* _Work instruction_:
Reproduce only the lines from the one containing "Very good students." through the end of the data, exactly as they stand.
--- START ---
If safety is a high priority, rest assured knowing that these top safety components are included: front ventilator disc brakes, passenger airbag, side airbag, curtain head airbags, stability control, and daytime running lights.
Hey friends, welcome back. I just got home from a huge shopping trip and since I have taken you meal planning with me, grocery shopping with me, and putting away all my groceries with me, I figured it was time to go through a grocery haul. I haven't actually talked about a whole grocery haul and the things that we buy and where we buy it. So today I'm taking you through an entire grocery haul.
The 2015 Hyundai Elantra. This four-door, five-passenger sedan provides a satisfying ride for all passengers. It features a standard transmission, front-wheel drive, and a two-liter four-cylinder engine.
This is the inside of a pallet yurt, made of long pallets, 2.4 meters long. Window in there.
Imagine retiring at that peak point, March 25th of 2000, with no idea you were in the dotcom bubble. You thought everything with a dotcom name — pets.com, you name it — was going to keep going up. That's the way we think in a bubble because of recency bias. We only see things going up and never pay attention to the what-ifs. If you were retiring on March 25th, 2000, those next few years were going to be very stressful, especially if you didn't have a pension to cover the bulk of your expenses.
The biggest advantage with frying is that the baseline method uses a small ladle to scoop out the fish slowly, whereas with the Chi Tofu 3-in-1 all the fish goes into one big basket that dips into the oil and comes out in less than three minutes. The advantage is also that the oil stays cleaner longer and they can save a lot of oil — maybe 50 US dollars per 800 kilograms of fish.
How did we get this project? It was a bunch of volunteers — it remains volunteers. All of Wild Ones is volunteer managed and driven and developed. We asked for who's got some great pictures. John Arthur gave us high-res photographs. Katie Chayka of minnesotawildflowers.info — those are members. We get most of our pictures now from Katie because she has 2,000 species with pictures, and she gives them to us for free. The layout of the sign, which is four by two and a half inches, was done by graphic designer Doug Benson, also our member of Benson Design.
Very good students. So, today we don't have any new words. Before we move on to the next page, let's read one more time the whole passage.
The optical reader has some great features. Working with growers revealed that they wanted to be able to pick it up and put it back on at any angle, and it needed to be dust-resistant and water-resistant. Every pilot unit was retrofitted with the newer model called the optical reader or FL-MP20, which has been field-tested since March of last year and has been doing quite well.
--- END ---
* _Reply to the task_:
Very good students. So, today we don't have any new words. Before we move on to the next page, let's read one more time the whole passage.
The optical reader has some great features. Working with growers revealed that they wanted to be able to pick it up and put it back on at any angle, and it needed to be dust-resistant and water-resistant. Every pilot unit was retrofitted with the newer model called the optical reader or FL-MP20, which has been field-tested since March of last year and has been doing quite well.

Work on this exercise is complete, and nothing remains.